Tindakan oknum Komisi III DPR Fraksi PKB, Bachruddin Nasori yang diduga menerima suap dari hakim pengadilan tinggi Pontianak yang juga calon Hakim Agung, Sudrajat Dimyati di toilet DPR, telah mencoreng lembaga rakyat tersebut.
"Kasus itu sangat memalukan apalagi dilakukan oleh anggota yang bergelut di bidang hukum dan tengah menyeleksi para hakim agung dan dilakukan di Gedung DPR yang terhormat," kata pakar hukum tata negara dari Universitas Parahyangan Bandung, Asep Warlan Yusuf dalam rilis yang diterima
Rakyat Merdeka Online, Minggu (22/9).
Menurut dia, jika tindakan tersebut benar terjadi, maka hal itu merupakan pelanggaran hukum luar biasa. Apalagi saat ini sudah menjelang pemilu, maka kecurigaan adanya suap dalam pemilihan-pemilihan seperti ini menjadi semakin kuat.

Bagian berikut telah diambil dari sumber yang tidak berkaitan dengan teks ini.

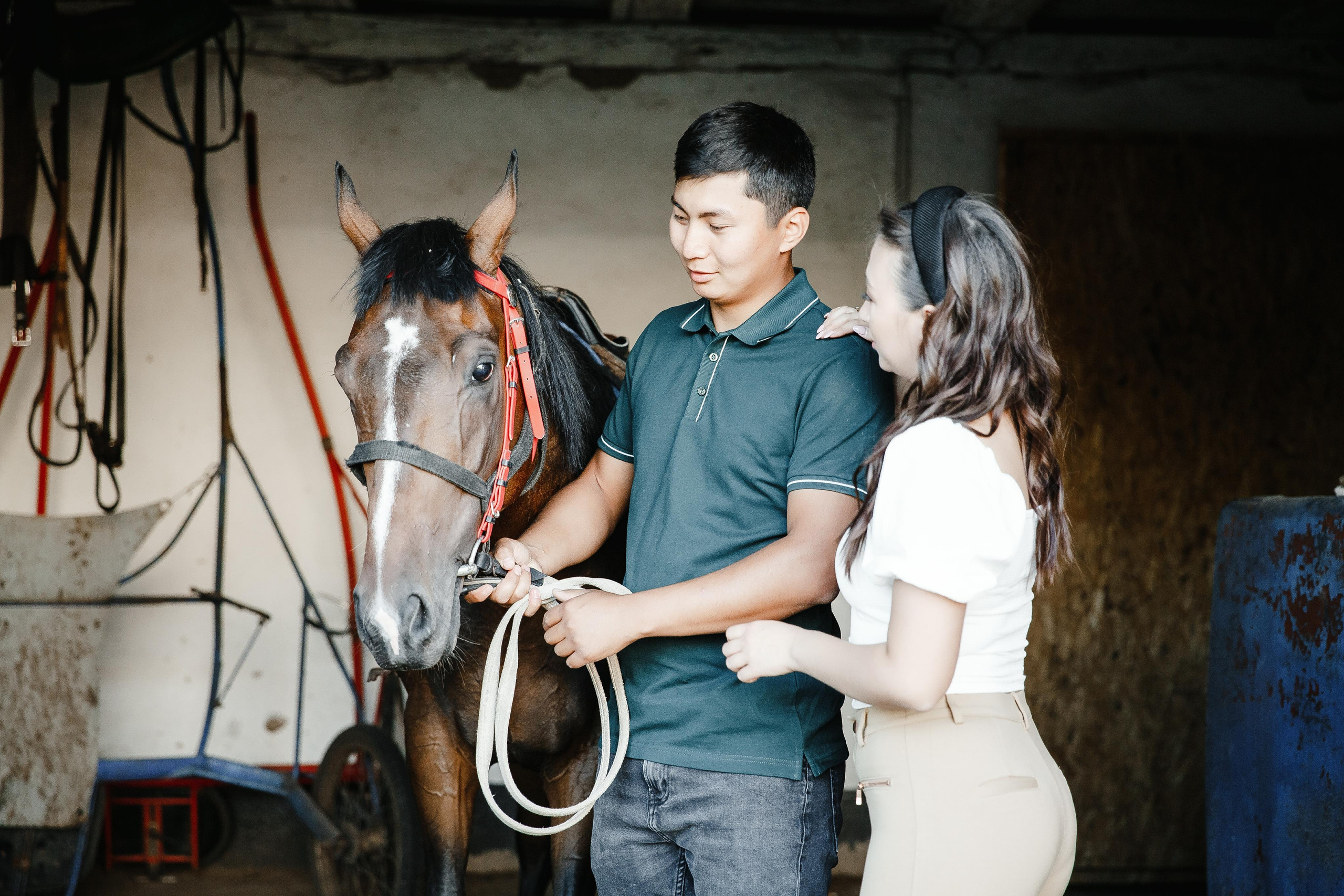 Love Story ипподром. Свадебный и Семейный фотограф в Петрпавловске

"Mereka sedang banyak membutuhkan biaya untuk berbagai kegiatan kampanye. Harus diselidiki juga apakah dia memberikan suap kepada satu orang ini saja, atau juga kepada anggota komisi atau ada kontribusi ke partai juga. Soalnya yang saya tahu dia juga bendahara umum PKB," katanya.
Dia pun meminta BK memanggil anggota Fraksi PKB tersebut, karena tindakannya itu sudah sangat keterlaluan.